Exercise description:
Should the entries contain pictures, leave them out and return exactly the lines from the first through the line holding "Bold Patriotic American".

Materials provided:
* * *

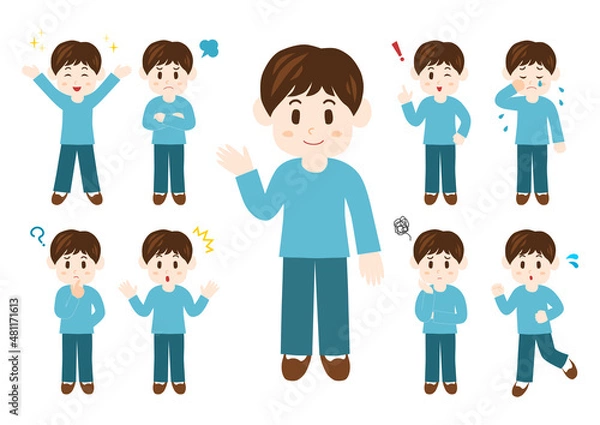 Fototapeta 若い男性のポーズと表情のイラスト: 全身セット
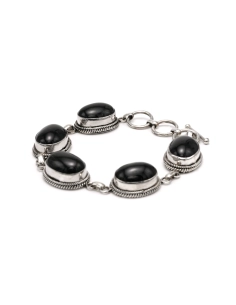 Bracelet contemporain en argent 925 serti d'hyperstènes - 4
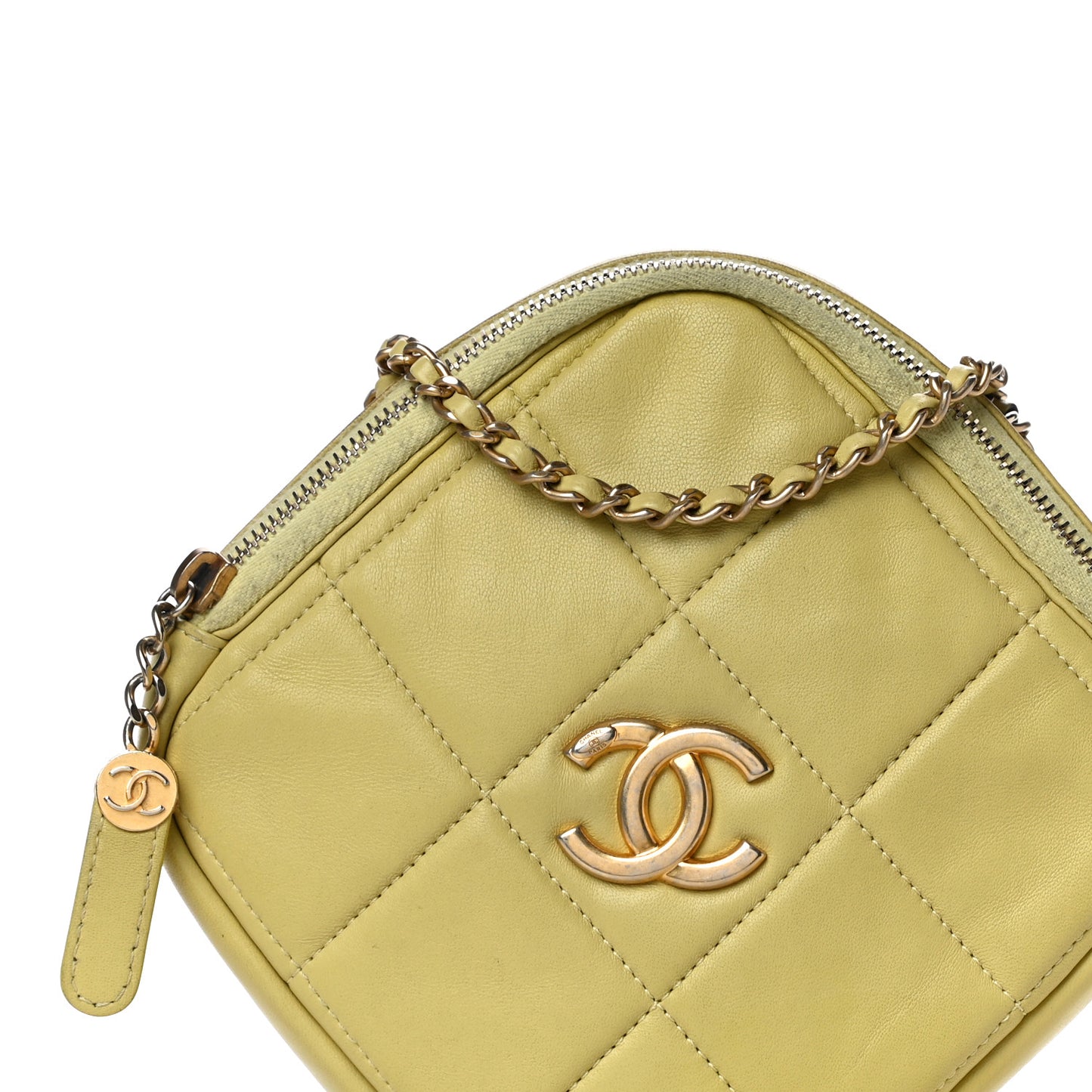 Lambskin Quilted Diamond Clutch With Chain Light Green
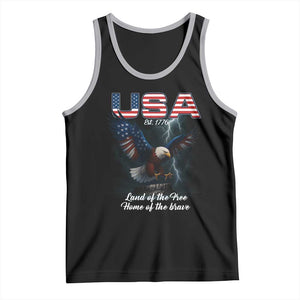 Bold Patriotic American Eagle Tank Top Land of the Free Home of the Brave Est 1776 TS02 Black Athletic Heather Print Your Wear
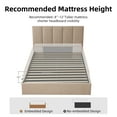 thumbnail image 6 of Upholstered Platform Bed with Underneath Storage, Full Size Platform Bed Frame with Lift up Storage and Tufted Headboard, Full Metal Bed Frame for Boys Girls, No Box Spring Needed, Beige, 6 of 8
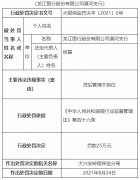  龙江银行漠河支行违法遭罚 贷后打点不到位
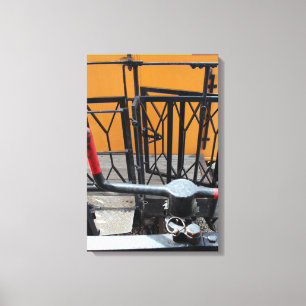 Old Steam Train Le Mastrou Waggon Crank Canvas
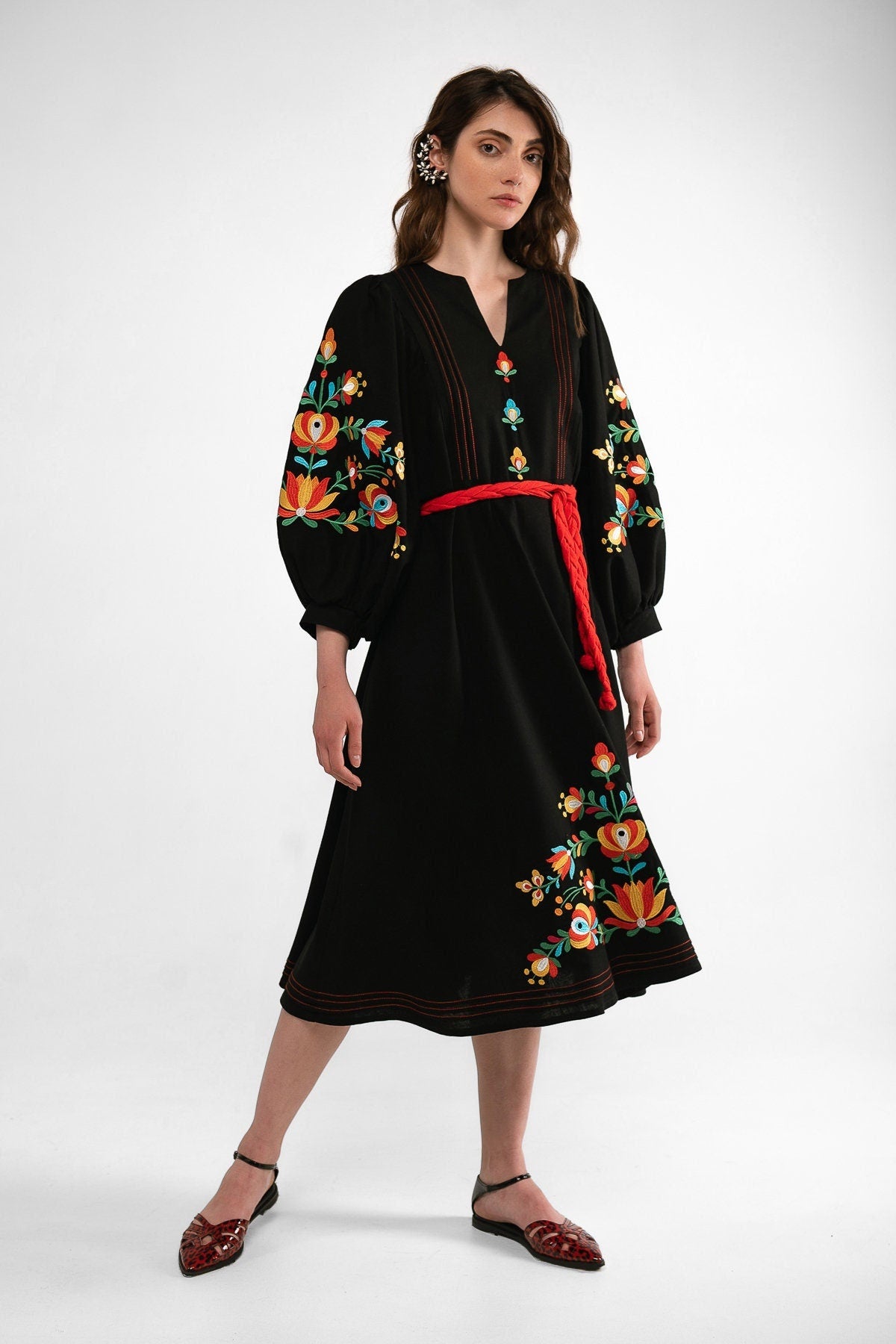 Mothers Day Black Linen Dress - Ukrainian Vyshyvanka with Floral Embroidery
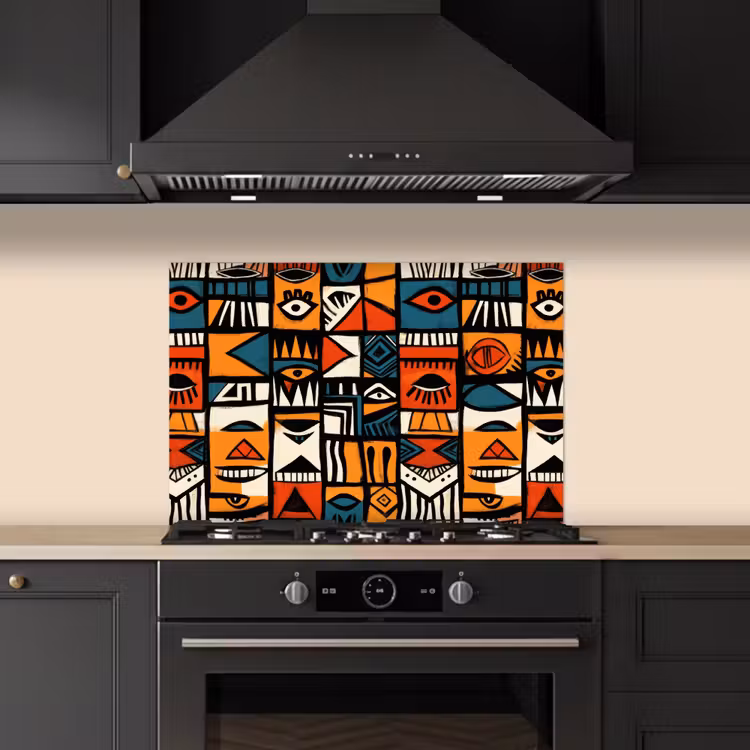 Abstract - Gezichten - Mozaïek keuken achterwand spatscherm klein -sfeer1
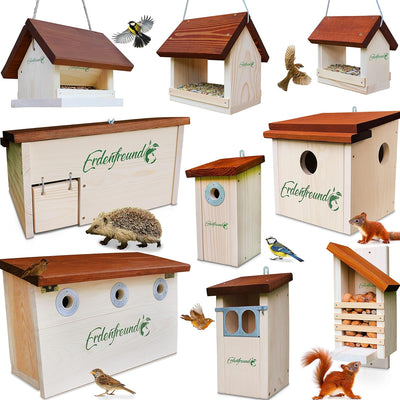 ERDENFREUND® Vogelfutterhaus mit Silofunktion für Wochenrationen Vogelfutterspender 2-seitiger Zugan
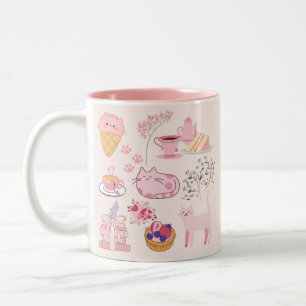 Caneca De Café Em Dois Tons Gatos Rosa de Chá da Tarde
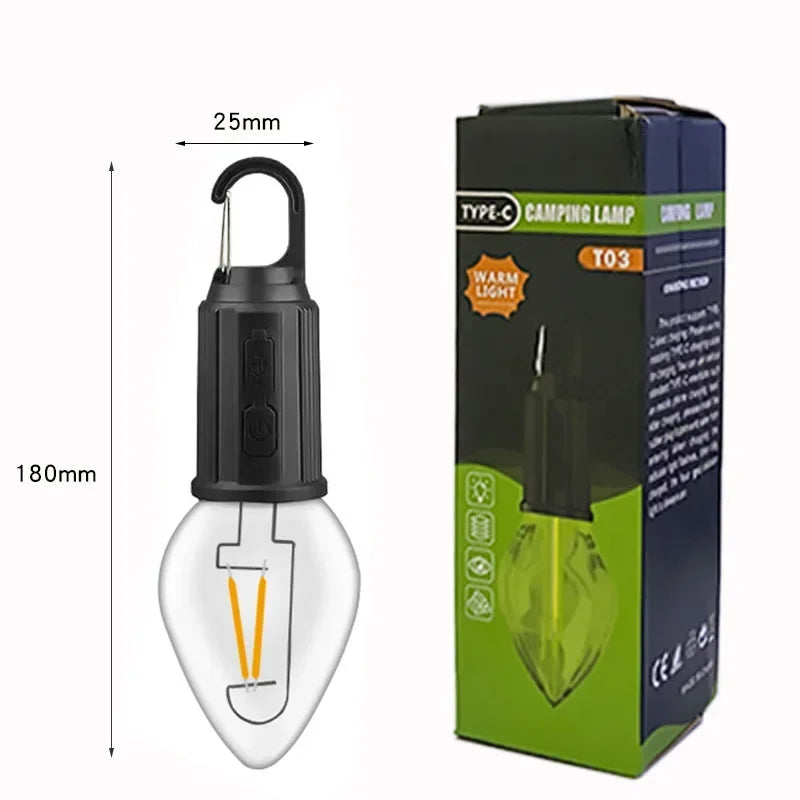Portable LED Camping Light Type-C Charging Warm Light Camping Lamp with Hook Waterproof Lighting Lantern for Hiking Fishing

* * *

Task solution:
 Fototapeta 若い男性のポーズと表情のイラスト: 全身セット
 Bracelet contemporain en argent 925 serti d'hyperstènes - 4
 Lambskin Quilted Diamond Clutch With Chain Light Green
 Bold Patriotic American Eagle Tank Top Land of the Free Home of the Brave Est 1776 TS02 Black Athletic Heather Print Your Wear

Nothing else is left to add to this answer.